Langsung ke konten utama

Pentingkah Anda Punya Banyak Teman?

Jawabannya tidak penting.

Karena orang yang “punya banyak teman” justru tidak berkembang, berkemampuan rata-rata, menolak berpikir besar, malas bercita-cita tinggi, dan terus-menerus “dikendalikan” lingkungan, sehingga mereka “picik secara bertalu-talu”; sehingga skill mereka hanya “diasah setengah hati”; sehingga pemikiran mereka tidak kreatif; sehingga impian mereka bersifat remeh-temeh. Kemudian alhasil, kalau Anda sudah “punya banyak teman”, Anda akan “bias” dan menganggap jika “kemampuan mencari teman” adalah bentuk pengembangan diri, padahal sejatinya, Anda hanya “membilik-bilikkan diri Anda pada kecupetan”; Anda hanya melakukan “langkah biasa yang semua orang bisa”; Anda hanya “bertindak linear, alih-alih lateral”; Anda hanya bertujuan hina-dina seperti “mencari perhatian”.

Maka, menilik dari semua itu, kalau tujuan hidup Anda untuk “menambah wawasan, memperbaiki kualitas diri, bertindak out of the box, dan mendapat penghargaan besar”, lantas, meninggalkan hal yang sia-sia seperti “punya banyak teman” adalah sebuah keharusan. Kalau Anda tidak memiliki tujuan seperti itu, maka—dengan hormat—artikel ini tidak bermanfaat untuk Anda.

Alih-alih membuat diri Anda berkembang, “memperbanyak teman” hanya akan membuat Anda “patuh pada aturan lingkungan”, sehingga hanya fokus pada “penyeragaman habits”, kalau sudah diseragamkan oleh lingkungan—baca: keberhasilan propaganda dari lingkungan untuk memperkosa kata “solidaritas”—Anda hanya akan “bebek-membebek” untuk kepentingan adaptif, sebab, kalau tidak begitu, notabene “lingkungan akan mengucilkan Anda”. Lantas, hanya karena takut dengan resiko ini, secara sekonyong-konyong, orang-orang berlomba untuk menjadi “yang paling patuh” pada aturan lingkungan, mereka tidak ingin setitik kesalahan yang dapat membuat lingkungan “marah”; mereka laksana “lembu yang dicucuk hidungnya” sehingga mengikuti kemanapun lingkungan menuntun, lalu alhasil, hidup orang-orang ini penuh “rasa takut” akan resiko yang sebenarnya hanya “imajinasi mereka yang lebay”.

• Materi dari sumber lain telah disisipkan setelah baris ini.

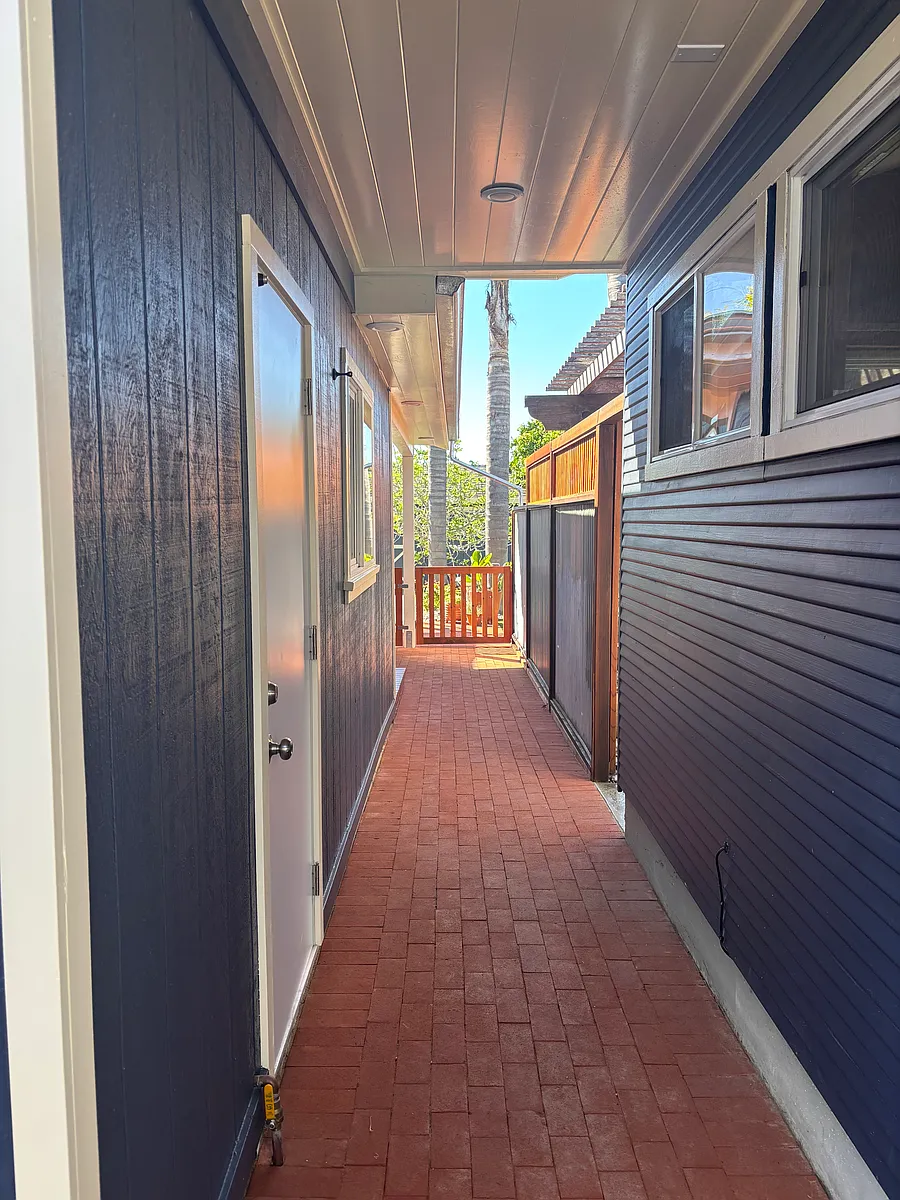 footpath to unit - Gross Rd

Di sisi lain, pun, pada saat yang sama, saya tidak mengatakan “punya banyak teman adalah hal yang buruk”, justru saya mengakui bahwa “punya banyak teman itu bagus”. Akan tetapi, seperti kata Jim Collins dalam bukunya, “bagus itu lawannya hebat”—artinya bagus vs hebat—sehingga orang yang mengejar “perihal bagus” tidak akan mendapatkan “perihal hebat”, maka kalau “punya banyak teman” malah membuat Anda tidak hebat, kesimpulannya, “memiliki banyak teman” tidak berguna untuk Anda.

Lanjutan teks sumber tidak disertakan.